• [Information provided]

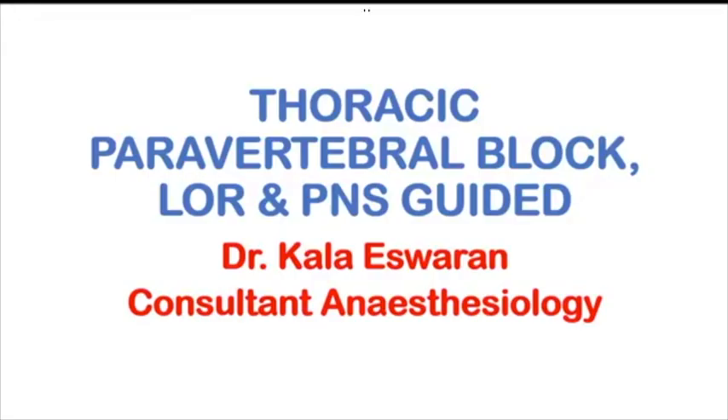Good evening, friends. Hope all of you are fine. At the onset, I would like to thank TAS and Dr. Hethal for considering me for this Facebook live presentation.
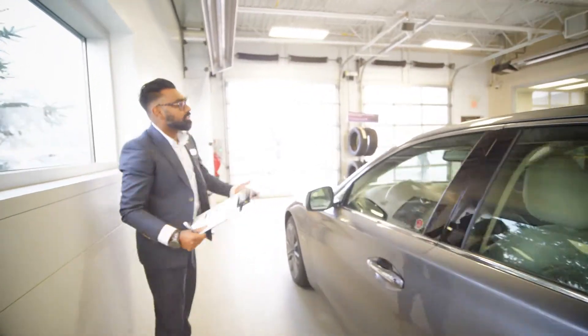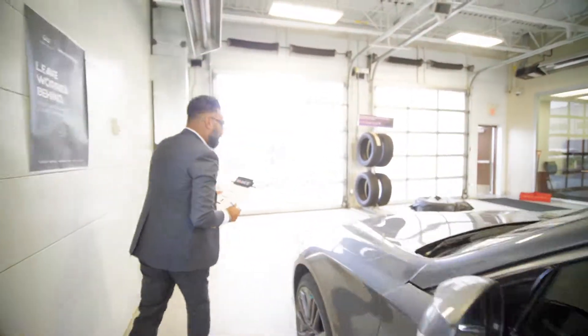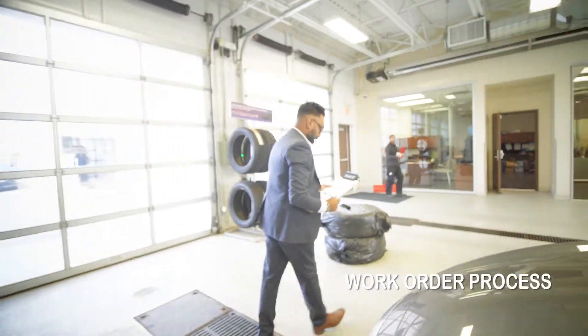Once the information is gathered from the advisor, they will then lead you into the office to complete the work order process.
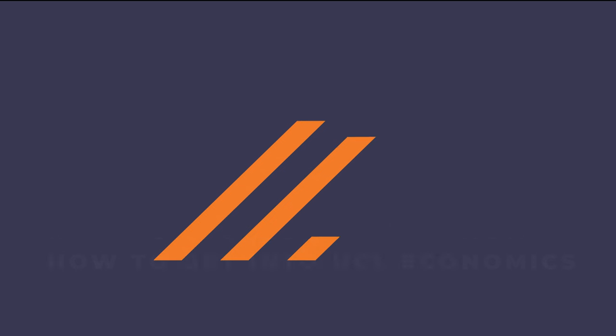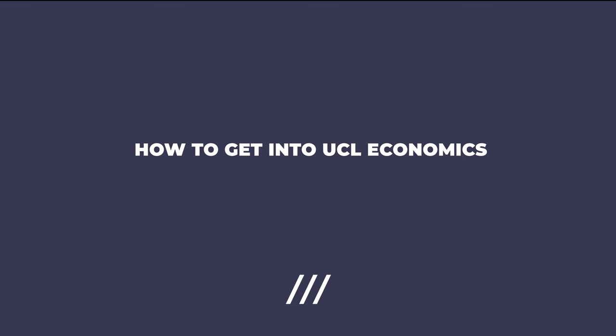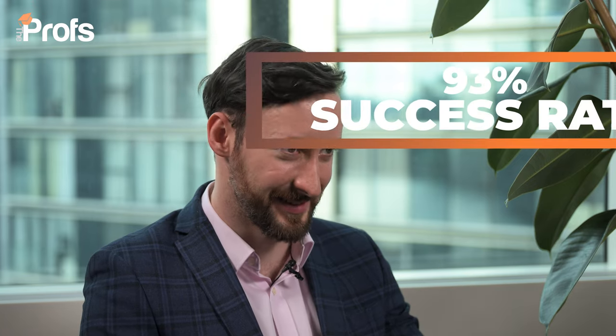Hi, I'm Richard and over the last 10 years I've helped hundreds of students get into top university courses such as UCL Economics. My network success rate of getting offers from this course is 93%, that is six times the average acceptance rate which sits at just 15% on average each year.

• [Work task] A word-for-word repetition of the data above, without pictures, is the expected answer.

• [Your solution]
Good evening, friends. Hope all of you are fine. At the onset, I would like to thank TAS and Dr. Hethal for considering me for this Facebook live presentation.
Once the information is gathered from the advisor, they will then lead you into the office to complete the work order process.
Hi, I'm Richard and over the last 10 years I've helped hundreds of students get into top university courses such as UCL Economics. My network success rate of getting offers from this course is 93%, that is six times the average acceptance rate which sits at just 15% on average each year.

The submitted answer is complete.